* **Work to complete**: Everything from the opening line of the records below through the line with "Sandslash 41/62 Uncommon" must be duplicated exactly, pictures left out.

==============================

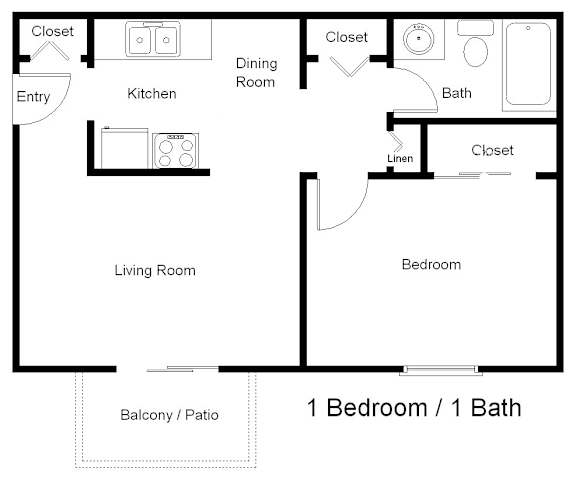 A black and white floor plan of a one bedroom apartment.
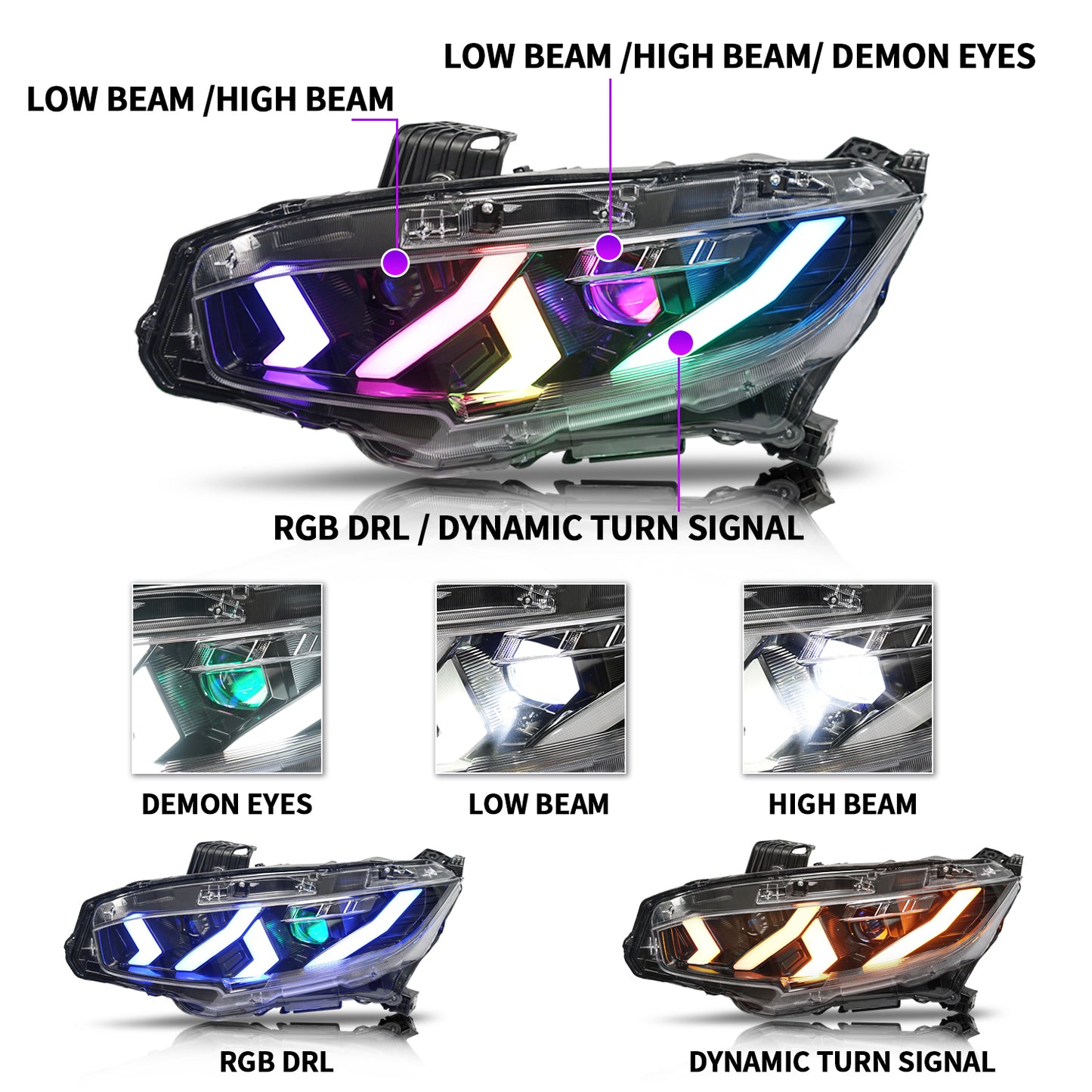 Full LED Headlights Assembly For 10th Gen Honda Civic 2016-2022,RGB DRL(US ONLY)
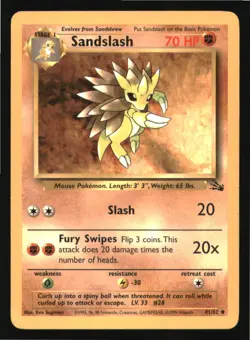 Sandslash 41/62 Uncommon Fossil Pokemon Unlimited Lightly Played - Image 1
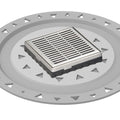 INFINITY DRAIN LND4 BP PS LND 4 4" x 4" LND 4 Slotted Pattern Complete Kit in Polished Stainless with PVC Bonded Flange, 2", 3" and 4" Outlet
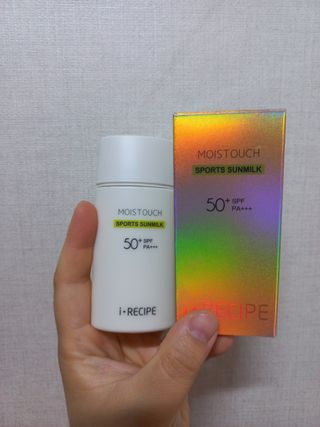 아이레시피 모이스트터치 스포츠 선밀크 50ml (SPF50+ PA+++) — 5점을 준 리뷰어가 2023년 6월 올린 사용 사진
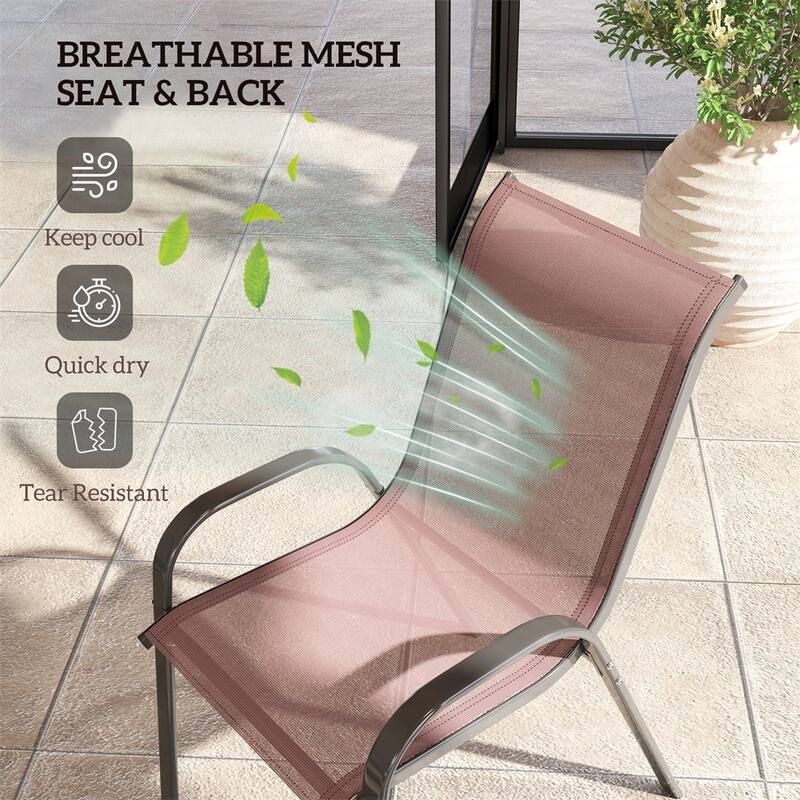 Black Steel Outdoor Dining Chairs Set of 4 with Mesh and Stackable Design - 21.3" W x 28" D x 36.6" H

==============================

* **Solution for this task**:
 A black and white floor plan of a one bedroom apartment.
 Full LED Headlights Assembly For 10th Gen Honda Civic 2016-2022,RGB DRL(US ONLY)
 Sandslash 41/62 Uncommon Fossil Pokemon Unlimited Lightly Played - Image 1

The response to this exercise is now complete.